Dataset records Block Start
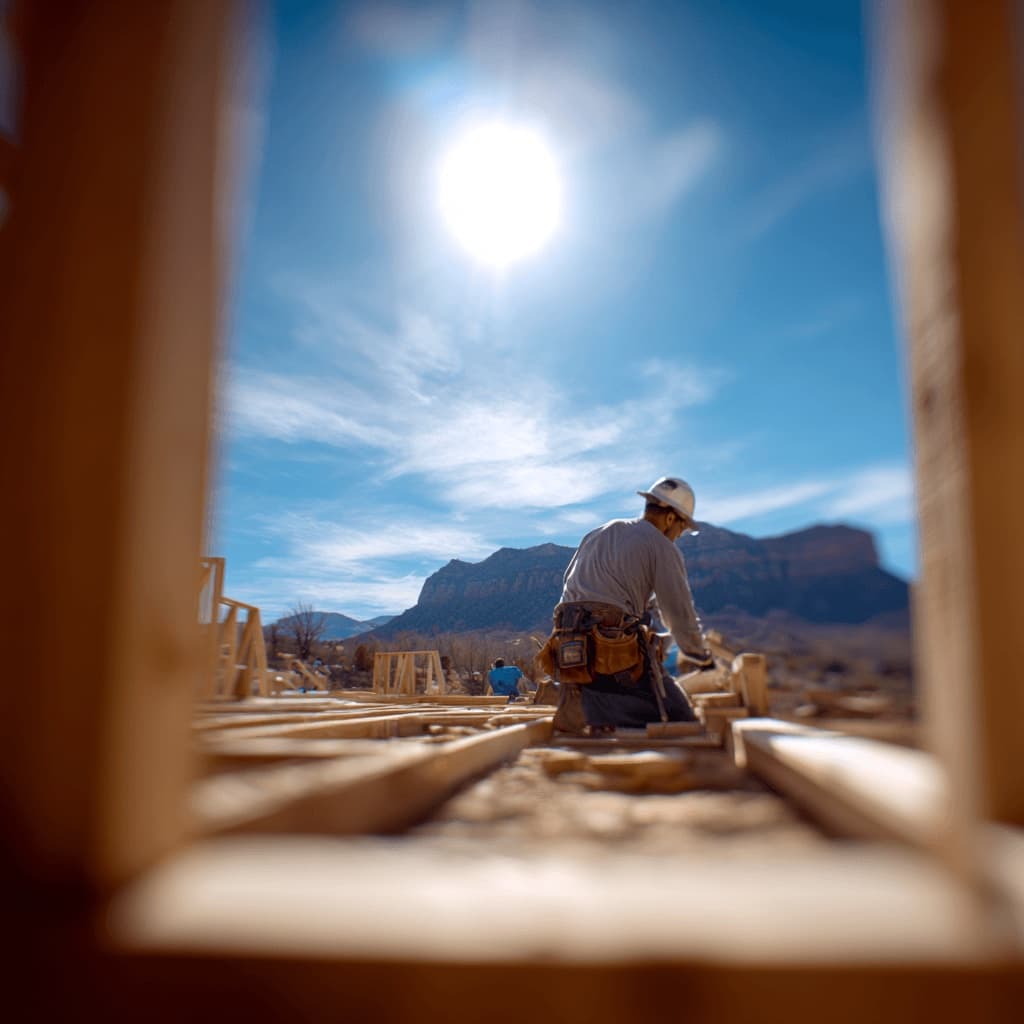 Framing against the Southern Utah red rock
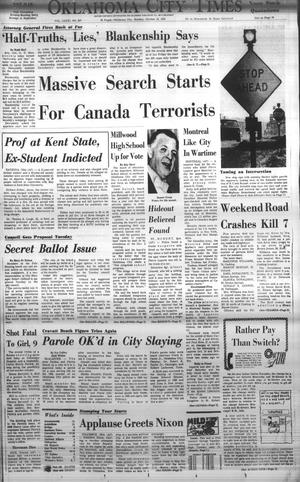 Oklahoma City Times (Oklahoma City, Okla.), Vol. 81, No. 207, Ed. 1 Monday, October 19, 1970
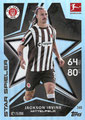 Trading Card 340: Jackson Irvine (Star Spieler); Topps Match Attax 2025/2026; Topps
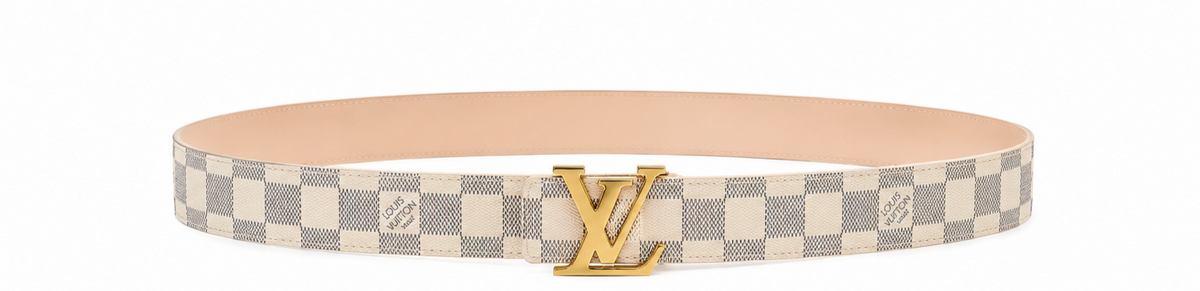 Cinto Louis Vuitton Initiales Damier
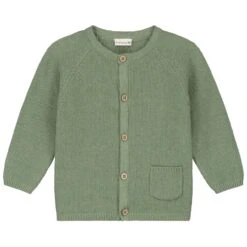 Prénatal Newborn Vest Lange Mouwen Effen Groen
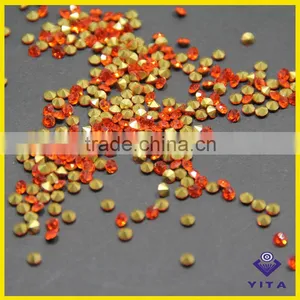 SS6.5-SS17 HYA Point Back Glass Round Crystal Rhinestone for Wedding Dress Bulk Buy From China Supplier's Choice thumbnail-1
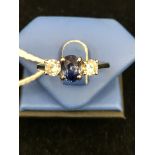 An 18ct sapphire and diamond dress ring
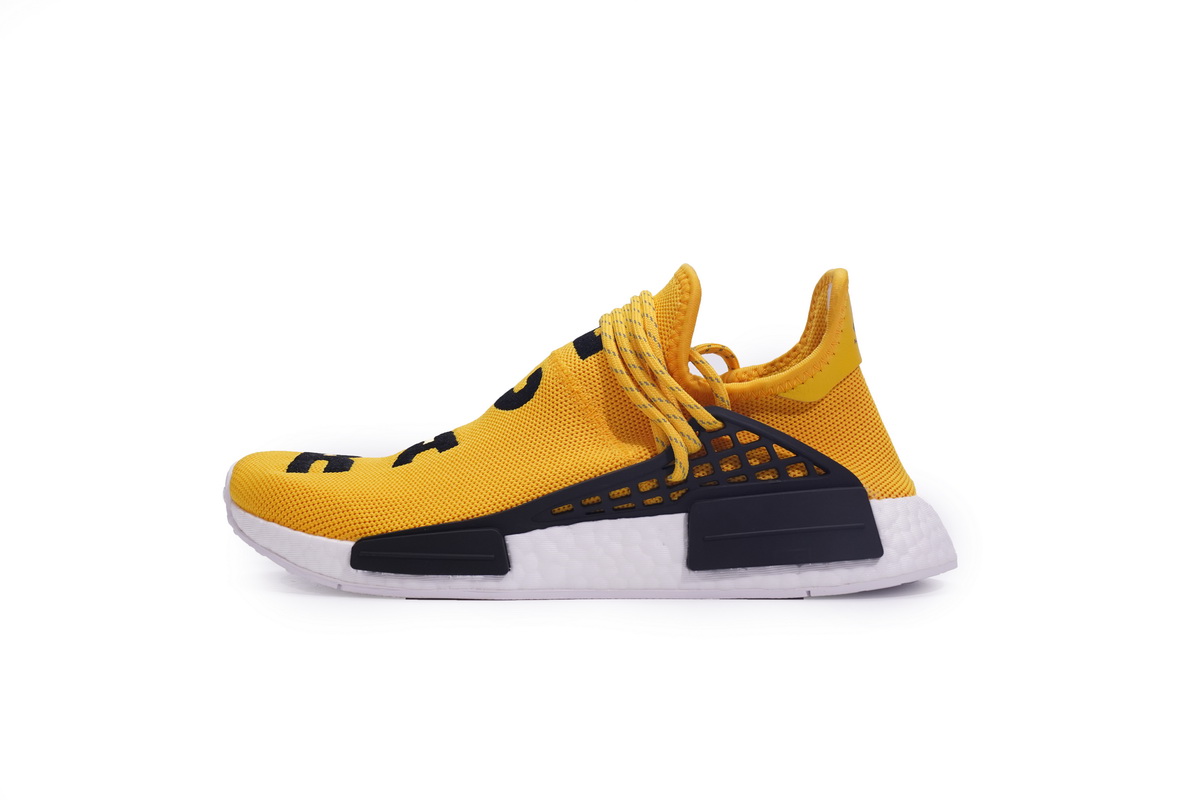 Adidas Pharrell X NMD Human Race 'Yellow' BB0619 - Vibrant and Stylish Footwear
Dataset records Block End
> What needs to be done
Each line of the data should be printed again exactly. Please leave pictures out.

> Exercise solution
 Framing against the Southern Utah red rock
 Oklahoma City Times (Oklahoma City, Okla.), Vol. 81, No. 207, Ed. 1 Monday, October 19, 1970
 Trading Card 340: Jackson Irvine (Star Spieler); Topps Match Attax 2025/2026; Topps
 Cinto Louis Vuitton Initiales Damier
 Prénatal Newborn Vest Lange Mouwen Effen Groen
 SS6.5-SS17 HYA Point Back Glass Round Crystal Rhinestone for Wedding Dress Bulk Buy From China Supplier's Choice thumbnail-1
 An 18ct sapphire and diamond dress ring
 Adidas Pharrell X NMD Human Race 'Yellow' BB0619 - Vibrant and Stylish Footwear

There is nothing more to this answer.